Date of Award
2026
Document Type
Thesis
Degree Name
Master of Science in Artificial Intelligence
Department
Digital Engineering
Committee Chair and Members
Reda Nacif Elalaoui
Keywords
Emotion detection, GoEmotions, Mental health and AI, Multi-Label classification, Threshold optimization, Transformer models
Abstract
This study investigates the effectiveness of five community fine-tuned transformer models for fine-grained emotion detection on the GoEmotions dataset: SamLowe/roberta- base-go_emotions (RoBERTa-base), cirimus/modernbert-base-go-emotions (ModernBERT), mrm8488/deberta-v3-base-goemotions (DeBERTa-v3-base), bhadresh-savani/bert-base-go- emotion (BERT-base-cased),and tasinhoque/distilbert-go-emotions (DistilBERT) . While the original GoEmotions research by Demszky et al. (2020) established a BERT-base baseline with a macro-F1 of 0.46, this thesis extends that work through independent empirical evaluation of five derivative models, systematic per-label threshold optimization, and comparative analysis of architectural trade-offs across the full transformer model family.
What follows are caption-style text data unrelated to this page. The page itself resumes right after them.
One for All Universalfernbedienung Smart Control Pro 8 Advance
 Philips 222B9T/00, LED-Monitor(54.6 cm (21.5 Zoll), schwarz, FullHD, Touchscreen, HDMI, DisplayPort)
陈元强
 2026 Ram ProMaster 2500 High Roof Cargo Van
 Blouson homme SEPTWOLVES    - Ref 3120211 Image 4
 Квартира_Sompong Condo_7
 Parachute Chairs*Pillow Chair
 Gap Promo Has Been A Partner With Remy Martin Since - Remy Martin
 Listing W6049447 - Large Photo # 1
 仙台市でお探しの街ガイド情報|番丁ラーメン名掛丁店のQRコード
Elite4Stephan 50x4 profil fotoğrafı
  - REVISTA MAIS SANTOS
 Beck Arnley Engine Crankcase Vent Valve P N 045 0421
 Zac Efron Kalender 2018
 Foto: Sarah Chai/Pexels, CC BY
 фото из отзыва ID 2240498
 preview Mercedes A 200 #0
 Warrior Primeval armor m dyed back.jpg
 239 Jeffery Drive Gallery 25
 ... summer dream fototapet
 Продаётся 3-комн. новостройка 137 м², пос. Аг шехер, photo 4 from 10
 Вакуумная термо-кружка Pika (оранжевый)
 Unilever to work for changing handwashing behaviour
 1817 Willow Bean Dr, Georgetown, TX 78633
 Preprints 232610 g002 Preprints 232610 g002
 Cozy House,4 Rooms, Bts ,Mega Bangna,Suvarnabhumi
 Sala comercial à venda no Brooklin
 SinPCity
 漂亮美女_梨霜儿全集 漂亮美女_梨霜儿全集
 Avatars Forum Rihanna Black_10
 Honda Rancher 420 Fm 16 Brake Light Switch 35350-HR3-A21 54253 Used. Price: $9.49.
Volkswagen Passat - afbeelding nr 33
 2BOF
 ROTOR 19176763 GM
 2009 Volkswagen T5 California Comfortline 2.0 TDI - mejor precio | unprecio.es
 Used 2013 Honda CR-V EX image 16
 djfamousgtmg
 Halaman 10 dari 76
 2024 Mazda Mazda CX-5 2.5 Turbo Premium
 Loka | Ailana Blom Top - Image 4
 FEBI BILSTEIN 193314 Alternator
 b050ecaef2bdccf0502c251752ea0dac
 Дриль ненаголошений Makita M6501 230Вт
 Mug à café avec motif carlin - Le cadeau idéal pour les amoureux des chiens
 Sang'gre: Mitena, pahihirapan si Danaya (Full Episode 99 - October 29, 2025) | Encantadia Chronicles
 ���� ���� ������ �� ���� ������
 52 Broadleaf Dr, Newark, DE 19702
Using the GoEmotions simplified test split (5,427 examples across 28 categories), all five models were evaluated at a fixed 0.5 threshold and then subjected to a threshold sweep (0.05–0.95 in increments of 0.05) to identify per-label optimal decision boundaries. At the standard 0.5 decision boundary, ModernBERT achieved the highest observed macro-F1 at the standard 0.5 threshold of 0.471, followed by BERT-base-cased (0.460), RoBERTa (0.450), DistilBERT (0.423), and DeBERTa (0.012). The anomalously low DeBERTa result reflects a threshold calibration mismatch in the mrm8488 community checkpoint, where sigmoid logit scores are compressed far below 0.5 across nearly all labels.
Per-label threshold optimization substantially improved all models. RoBERTa improved from 0.450 to 0.541 (20.2% gain), ModernBERT from 0.471 to 0.554 (17.5%), BERT-base-cased from 0.460 to 0.491 (6.8%), DistilBERT from 0.423 to 0.508 (20.0%), and DeBERTa from 0.012 to 0.084 (615.5%). The findings demonstrate that simple post-hoc threshold calibration can substantially improve fine-grained emotion detection without retraining. ModernBERT achieved the highest observed optimized macro-F1, consistent with the architectural advantages of its modern design. This work contributes to original experimental evidence on threshold sensitivity across five architectures in multi-label emotion classification.
Beyond performance gains, this study documents a significant calibration failure in the DeBERTa-v3 community checkpoint, which achieved a macro-F1 of only 0.012 at default thresholds. Even after exhaustive threshold optimization, recovery was limited (0.084 macro-F1), serving as a cautionary case study on the necessity of independent validation for community-released model weights.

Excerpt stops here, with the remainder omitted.